The output must be exactly the lines from the "Eine Gruppe von" line through the end of the listing below, with no picture included.

Data shown:

+--

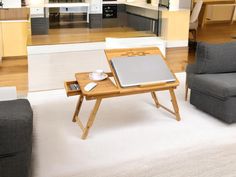 a living room filled with furniture and a laptop computer on top of a wooden table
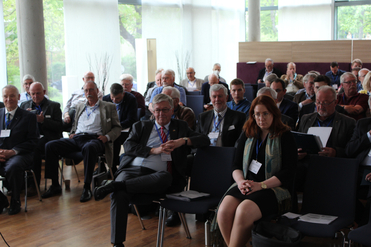 Eine Gruppe von größtenteils älteren Männern und einer Frau sitzt in einem Konferenzraum und lauscht einer Präsentation.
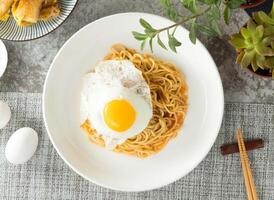 Mushroom Sizzling Noodles with sunny Egg served in dish isolated on napkin top view on table taiwan food photo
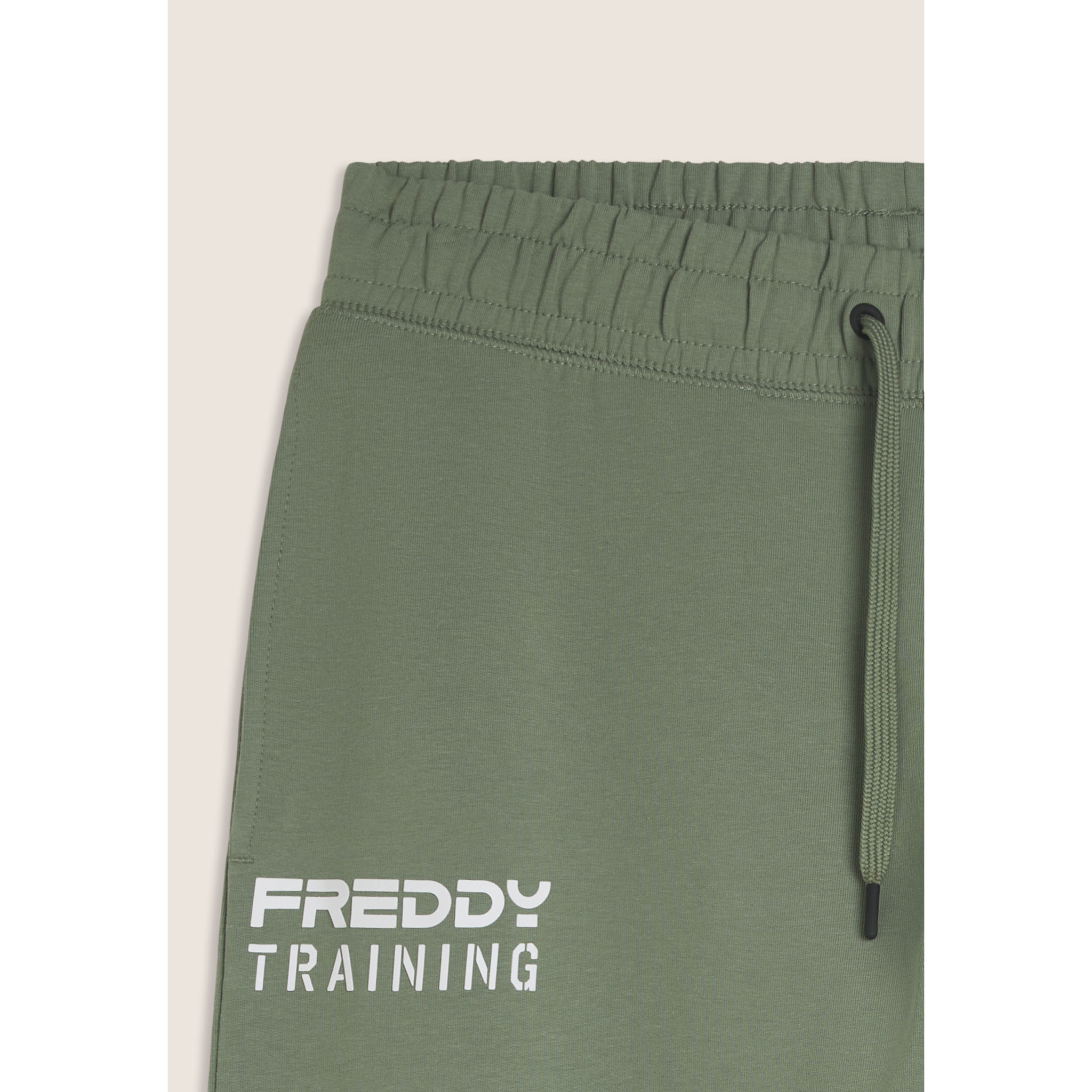 Pantaloni regular con tasca zip sulla gamba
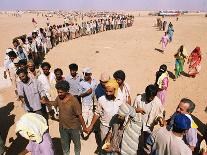 Kuwait Refugees Wait for Bread 1990-Jeff Widener-Stretched Canvas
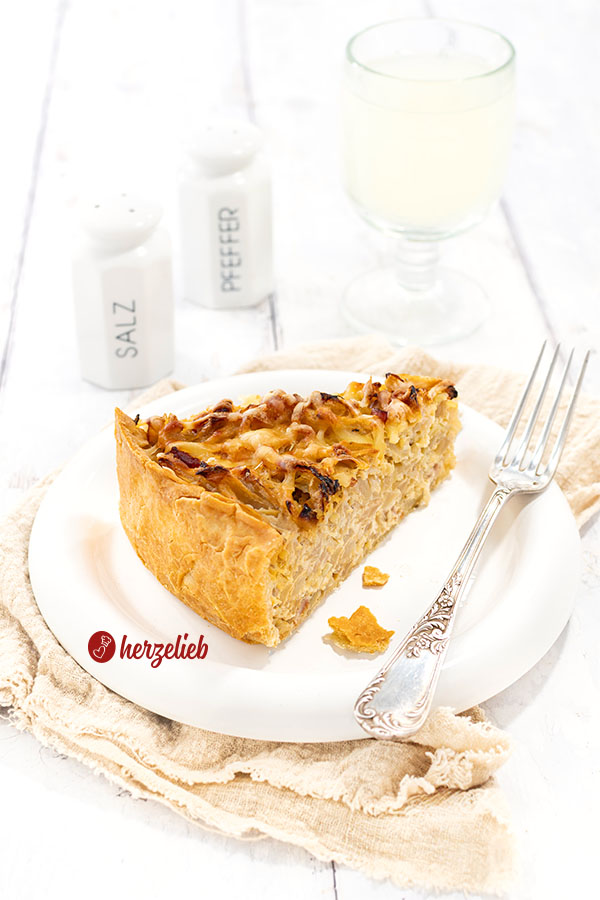 Ein Stück herzhafter, goldraun gebackener Kuchen nach einem Kohl-Kartoffel-Kuchen Rezept von herzelieb auf einem weißen Teller, auf dessen Rand eine Gabel liebt. im Hintergrund ein Salz- und ein Pfefferstreuser und ein Glas Wein.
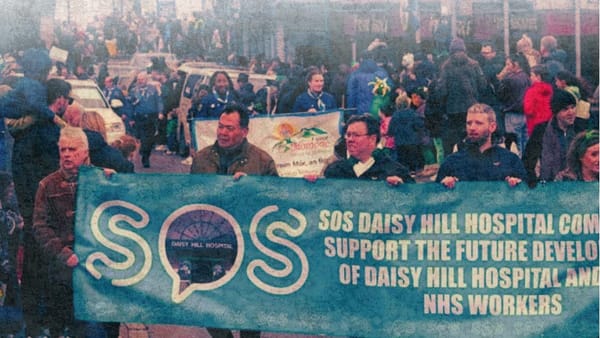 SOS Daisy Hill Hospital Campaign Banner in St Patrick's Day parade. Marc Mac Seáin holding the banner with other activists. 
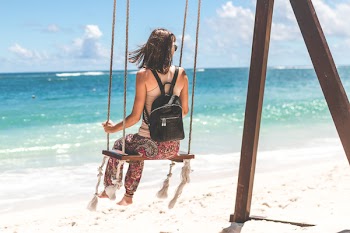 Woman Sitting on Seashore Swing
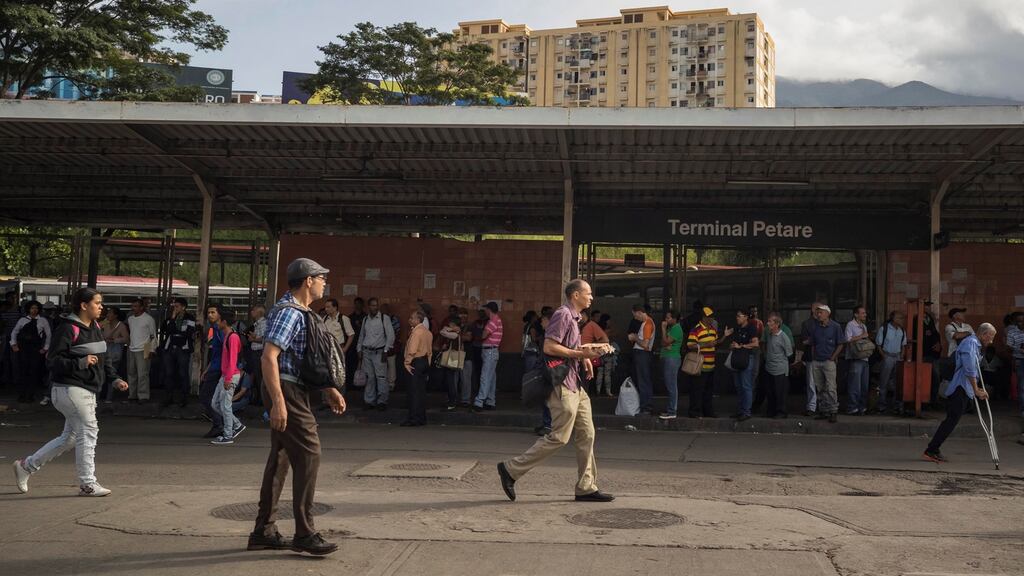 People wait for public transport while several areas remain without electric power, in Caracas on July 23rd. Photograph: Miguel Gutierrez/EPA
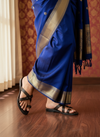 Indian model in traditional saree wearing authentic Kisabai Chepali women’s Kolhapuri chappal, handcrafted leather ethnic flats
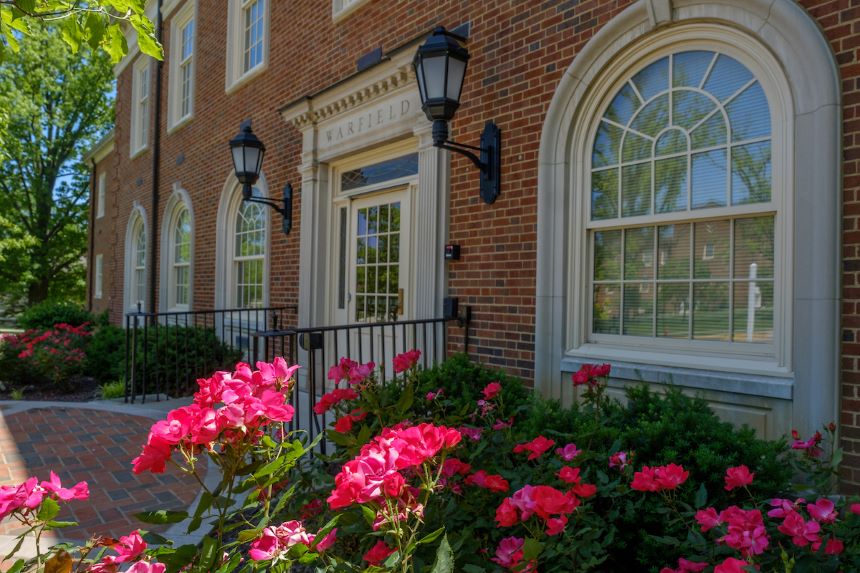 Front of Warfield Hall with pick flowers.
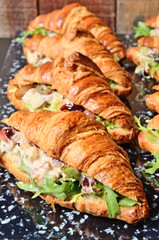 Chicken salad croissant sandwich on buffet table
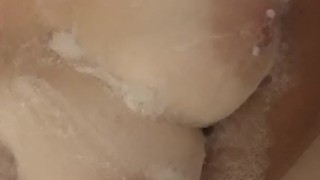 Soaping up my big tits in the shower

+--

Finished task:
 Eine Gruppe von größtenteils älteren Männern und einer Frau sitzt in einem Konferenzraum und lauscht einer Präsentation.
 Mushroom Sizzling Noodles with sunny Egg served in dish isolated on napkin top view on table taiwan food photo
 Pantaloni regular con tasca zip sulla gamba
 Kuwait Refugees Wait for Bread 1990-Jeff Widener-Stretched Canvas
 Ein Stück herzhafter, goldraun gebackener Kuchen nach einem Kohl-Kartoffel-Kuchen Rezept von herzelieb auf einem weißen Teller, auf dessen Rand eine Gabel liebt. im Hintergrund ein Salz- und ein Pfefferstreuser und ein Glas Wein.
 SOS Daisy Hill Hospital Campaign Banner in St Patrick's Day parade. Marc Mac Seáin holding the banner with other activists. 
 Woman Sitting on Seashore Swing
 People wait for public transport while several areas remain without electric power, in Caracas on July 23rd. Photograph: Miguel Gutierrez/EPA
 Indian model in traditional saree wearing authentic Kisabai Chepali women’s Kolhapuri chappal, handcrafted leather ethnic flats
 Front of Warfield Hall with pick flowers.
 Chicken salad croissant sandwich on buffet table
 Soaping up my big tits in the shower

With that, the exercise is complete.